##### Recorded information #####

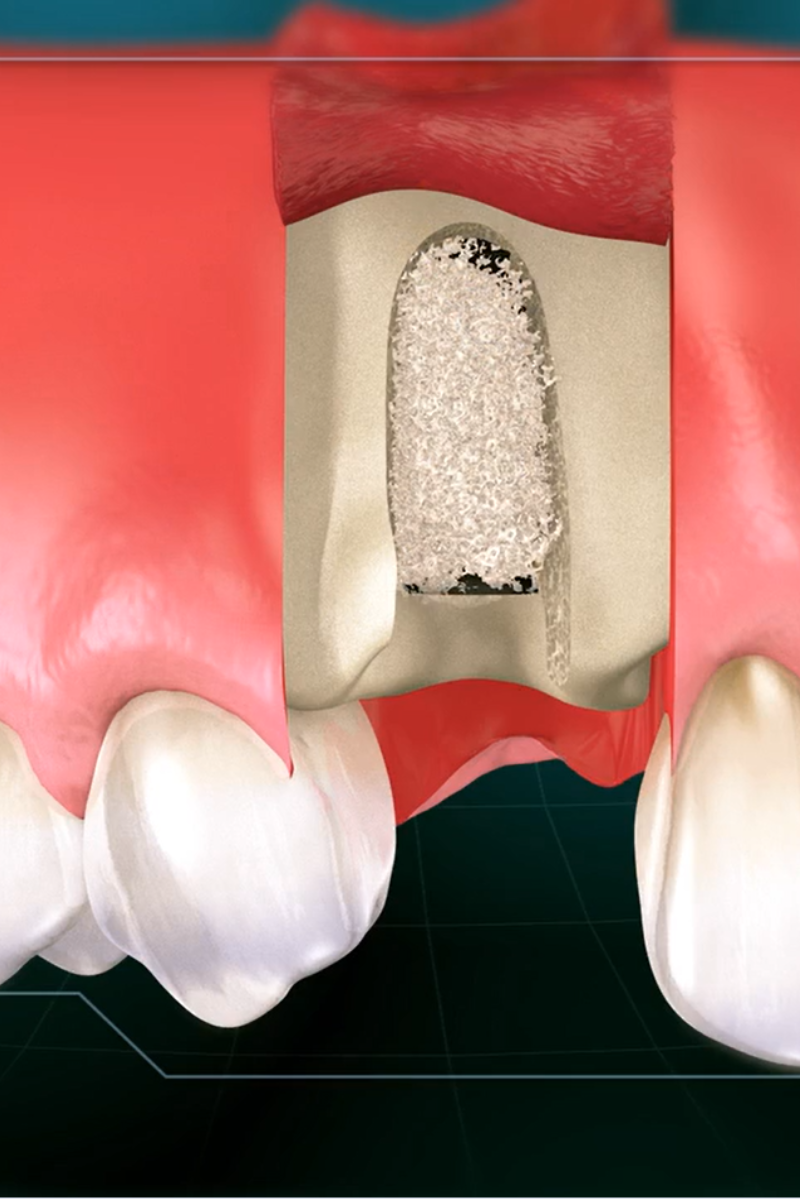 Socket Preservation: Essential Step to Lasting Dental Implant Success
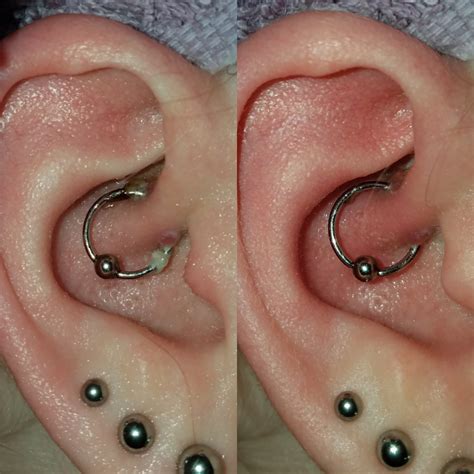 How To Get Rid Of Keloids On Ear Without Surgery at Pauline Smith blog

#####
##### Recorded information #####

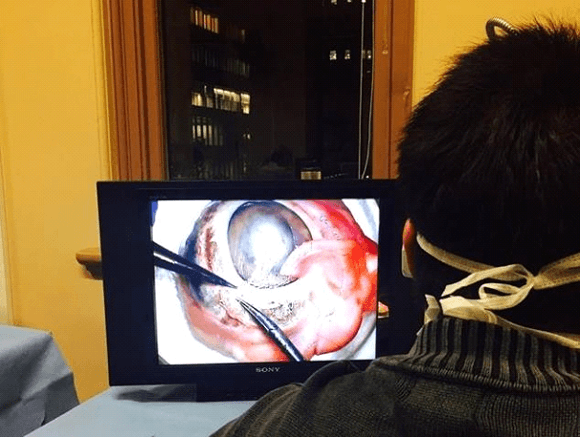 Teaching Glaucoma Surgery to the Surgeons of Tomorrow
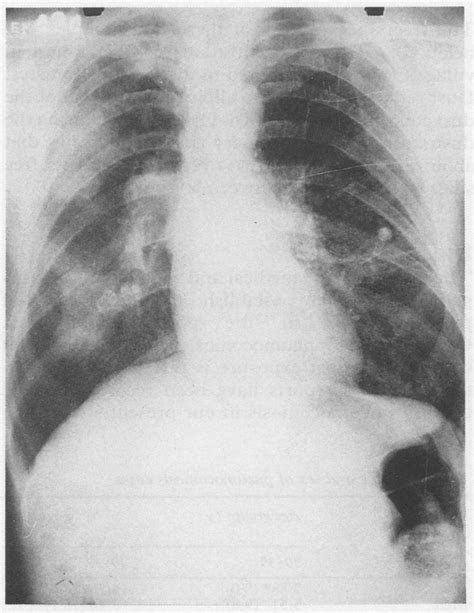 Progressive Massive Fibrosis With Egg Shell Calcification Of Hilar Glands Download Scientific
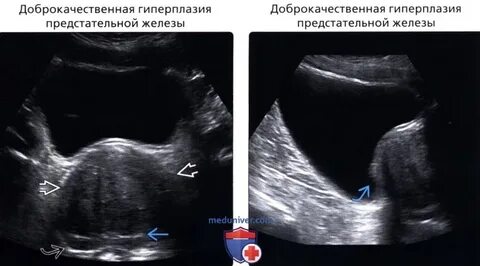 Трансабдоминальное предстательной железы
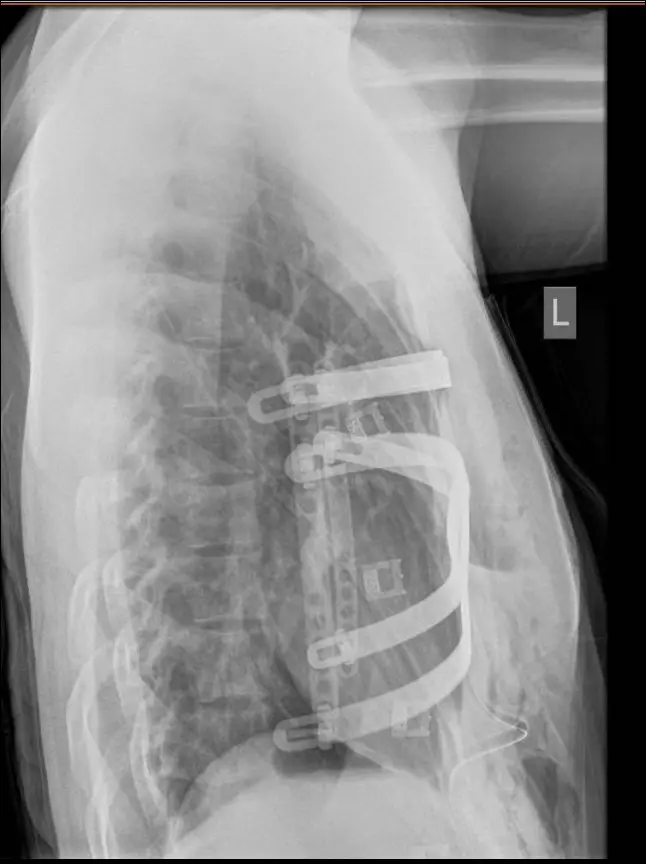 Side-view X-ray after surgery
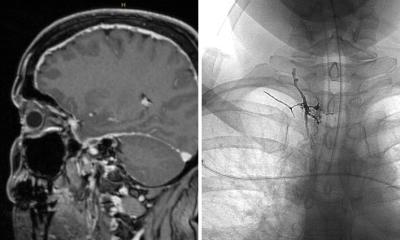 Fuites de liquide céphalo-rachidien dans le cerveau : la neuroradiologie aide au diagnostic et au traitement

#####

→ Required action:
Taking the material above, give again exactly the lines from the one holding "Socket Preservation: Essential" through the one holding "How To Get Rid", with both ends and without pictures.

→ Expected answer:
 Socket Preservation: Essential Step to Lasting Dental Implant Success
 How To Get Rid Of Keloids On Ear Without Surgery at Pauline Smith blog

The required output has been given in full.